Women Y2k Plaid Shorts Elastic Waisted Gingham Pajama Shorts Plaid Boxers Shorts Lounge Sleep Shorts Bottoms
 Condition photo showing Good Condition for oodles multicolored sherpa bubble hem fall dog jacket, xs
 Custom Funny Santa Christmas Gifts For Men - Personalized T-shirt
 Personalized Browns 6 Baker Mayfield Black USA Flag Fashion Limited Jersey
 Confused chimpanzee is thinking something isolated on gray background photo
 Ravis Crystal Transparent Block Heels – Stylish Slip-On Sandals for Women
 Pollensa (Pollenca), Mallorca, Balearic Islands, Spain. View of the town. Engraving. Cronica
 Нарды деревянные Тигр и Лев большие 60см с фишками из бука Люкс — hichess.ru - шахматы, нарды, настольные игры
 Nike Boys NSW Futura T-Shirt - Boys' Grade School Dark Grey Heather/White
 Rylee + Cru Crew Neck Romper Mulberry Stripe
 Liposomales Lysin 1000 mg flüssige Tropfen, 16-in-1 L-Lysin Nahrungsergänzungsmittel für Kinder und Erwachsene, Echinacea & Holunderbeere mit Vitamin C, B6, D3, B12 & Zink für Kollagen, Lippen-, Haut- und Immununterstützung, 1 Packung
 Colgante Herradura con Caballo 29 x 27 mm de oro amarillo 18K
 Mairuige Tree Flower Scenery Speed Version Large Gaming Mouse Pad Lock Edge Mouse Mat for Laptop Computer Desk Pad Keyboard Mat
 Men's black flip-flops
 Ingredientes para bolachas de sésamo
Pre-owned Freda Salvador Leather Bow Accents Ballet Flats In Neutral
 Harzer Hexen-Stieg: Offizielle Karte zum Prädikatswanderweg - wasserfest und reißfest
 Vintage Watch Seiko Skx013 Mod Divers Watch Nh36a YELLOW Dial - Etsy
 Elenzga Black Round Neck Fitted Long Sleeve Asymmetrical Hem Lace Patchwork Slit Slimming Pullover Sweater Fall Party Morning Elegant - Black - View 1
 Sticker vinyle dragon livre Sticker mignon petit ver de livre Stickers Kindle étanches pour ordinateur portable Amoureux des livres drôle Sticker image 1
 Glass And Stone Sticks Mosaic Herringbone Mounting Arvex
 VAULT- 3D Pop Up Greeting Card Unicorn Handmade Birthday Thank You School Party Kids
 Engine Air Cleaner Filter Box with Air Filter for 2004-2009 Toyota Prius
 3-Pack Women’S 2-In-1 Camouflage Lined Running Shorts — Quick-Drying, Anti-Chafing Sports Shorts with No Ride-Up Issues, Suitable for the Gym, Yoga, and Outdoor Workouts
· · · · · · ·
WORK INSTRUCTIONS
What you return must be an exact retyping of the lines above starting at the line with "Confused chimpanzee is" and ending at the line with "Vintage Watch Seiko", and nothing besides.

SOLUTION TO THE PROBLEM
 Confused chimpanzee is thinking something isolated on gray background photo
 Ravis Crystal Transparent Block Heels – Stylish Slip-On Sandals for Women
 Pollensa (Pollenca), Mallorca, Balearic Islands, Spain. View of the town. Engraving. Cronica
 Нарды деревянные Тигр и Лев большие 60см с фишками из бука Люкс — hichess.ru - шахматы, нарды, настольные игры
 Nike Boys NSW Futura T-Shirt - Boys' Grade School Dark Grey Heather/White
 Rylee + Cru Crew Neck Romper Mulberry Stripe
 Liposomales Lysin 1000 mg flüssige Tropfen, 16-in-1 L-Lysin Nahrungsergänzungsmittel für Kinder und Erwachsene, Echinacea & Holunderbeere mit Vitamin C, B6, D3, B12 & Zink für Kollagen, Lippen-, Haut- und Immununterstützung, 1 Packung
 Colgante Herradura con Caballo 29 x 27 mm de oro amarillo 18K
 Mairuige Tree Flower Scenery Speed Version Large Gaming Mouse Pad Lock Edge Mouse Mat for Laptop Computer Desk Pad Keyboard Mat
 Men's black flip-flops
 Ingredientes para bolachas de sésamo
Pre-owned Freda Salvador Leather Bow Accents Ballet Flats In Neutral
 Harzer Hexen-Stieg: Offizielle Karte zum Prädikatswanderweg - wasserfest und reißfest
 Vintage Watch Seiko Skx013 Mod Divers Watch Nh36a YELLOW Dial - Etsy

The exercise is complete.